Question

A 1 kHz sine-wave generator having an internal resistance of 50Ω generates an open-circuit voltage of 10 Vp-p. When a capacitor is connected across the output terminals, the voltage drops to 8 Vp-p. The capacitance of the capacitor (in microfarads) is _________.

Hint:

To calculate the capacitance, use the voltage divider rule and the formula for the impedance of a capacitor in an AC circuit.

Answer 1

Correct Answer: 2.35

We are given the following information: - Frequency \( f = 1 \, kHz = 1000 \, Hz \)
- Internal resistance \( R = 50 \, \Omega \)
- Open-circuit voltage \( V_{oc} = 10 \, V_{p-p} \)
- Voltage with capacitor \( V_C = 8 \, V_{p-p} \)
Step 1: Use voltage divider formula
The voltage across the capacitor \( V_C \) when it is connected in parallel with the internal resistance can be found using the voltage divider formula: \[ \frac{V_C}{V_{oc}} = \frac{Z_C}{R + Z_C}, \] where \( Z_C \) is the impedance of the capacitor and \( R \) is the internal resistance.
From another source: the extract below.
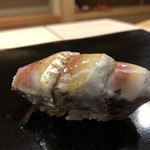 日本橋蛎殻町 すぎた - 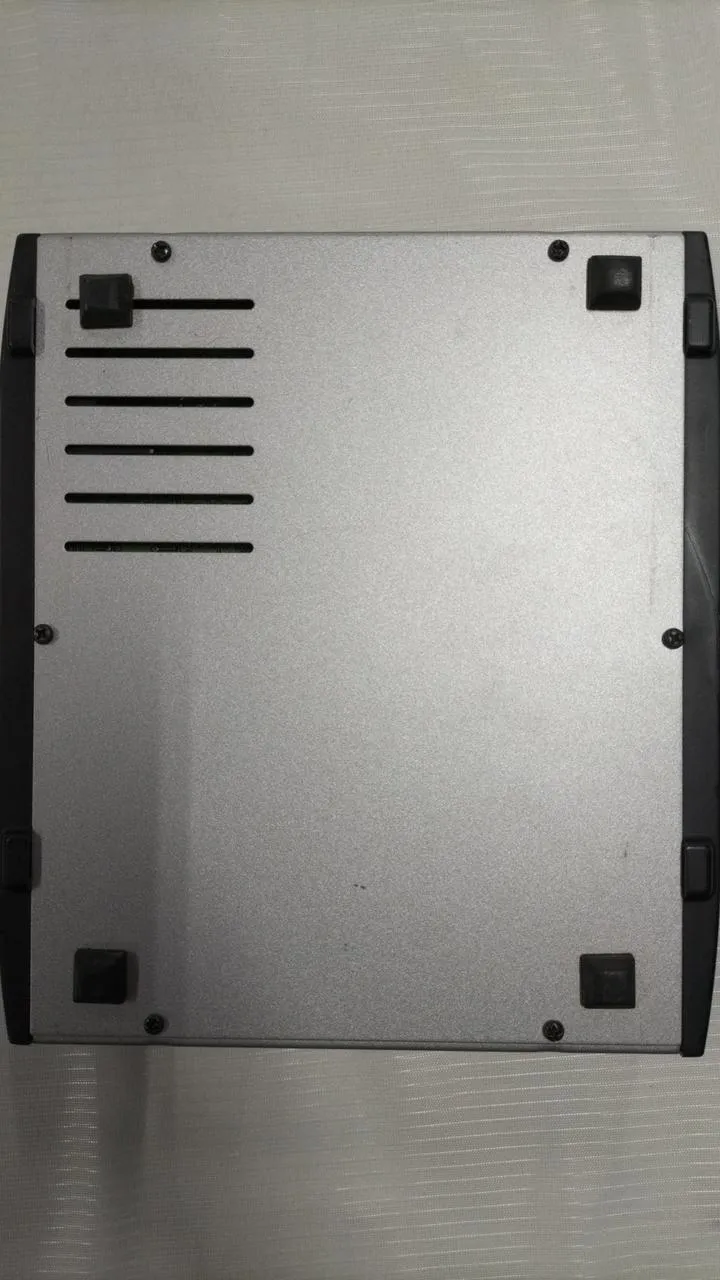 BEHRINGER [NET Exklusiv] Analogmixer MX602A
Step 2: Impedance of the capacitor
The impedance of the capacitor \( Z_C \) is given by: \[ Z_C = \frac{1}{j 2\pi f C}. \] Substitute the values for frequency and impedance into the voltage divider formula: \[ \frac{8}{10} = \frac{\frac{1}{j 2\pi \times 1000 \times C}}{50 + \frac{1}{j 2\pi \times 1000 \times C}}. \] Step 3: Solve for capacitance
After solving the equation, we find the capacitance: \[ C \approx 2.39 \, \mu F. \] Thus, the capacitance of the capacitor is approximately \( 2.39 \, \mu F \).